Assignment: Reprint the lines below as they are, minus the pictures.

Given data:
=====

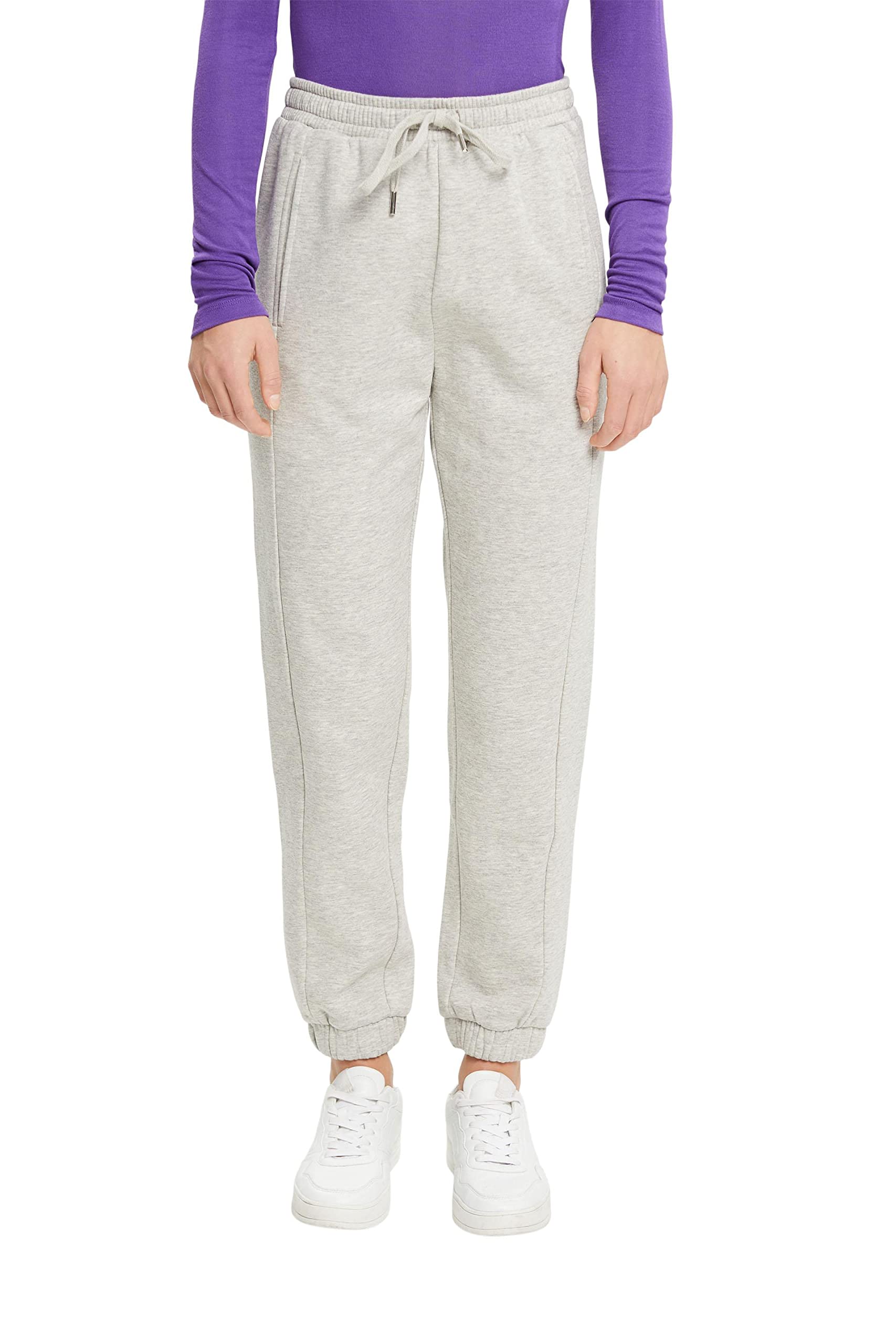 esprit-013ee1b323-hose-f-r-damen-vielseitig-kombinierbare-stoffhose-mit-bequemer image 1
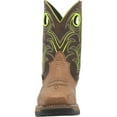 thumbnail image 5 of Dan Post Men's Storms Eye Waterproof Eh Western Work Boot Composite Toe - DP59413 10.5 EE  US, 5 of 7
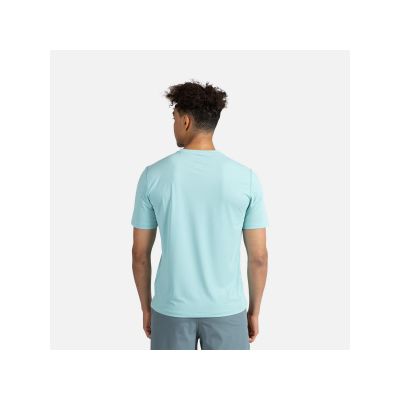 5. Herren-Trainingsshirt ROSSIGNOL Sidelhorn Tee Blau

=====

Result for this task:
 esprit-013ee1b323-hose-f-r-damen-vielseitig-kombinierbare-stoffhose-mit-bequemer image 1
 thumbnail image 5 of Dan Post Men's Storms Eye Waterproof Eh Western Work Boot Composite Toe - DP59413 10.5 EE  US, 5 of 7
 5. Herren-Trainingsshirt ROSSIGNOL Sidelhorn Tee Blau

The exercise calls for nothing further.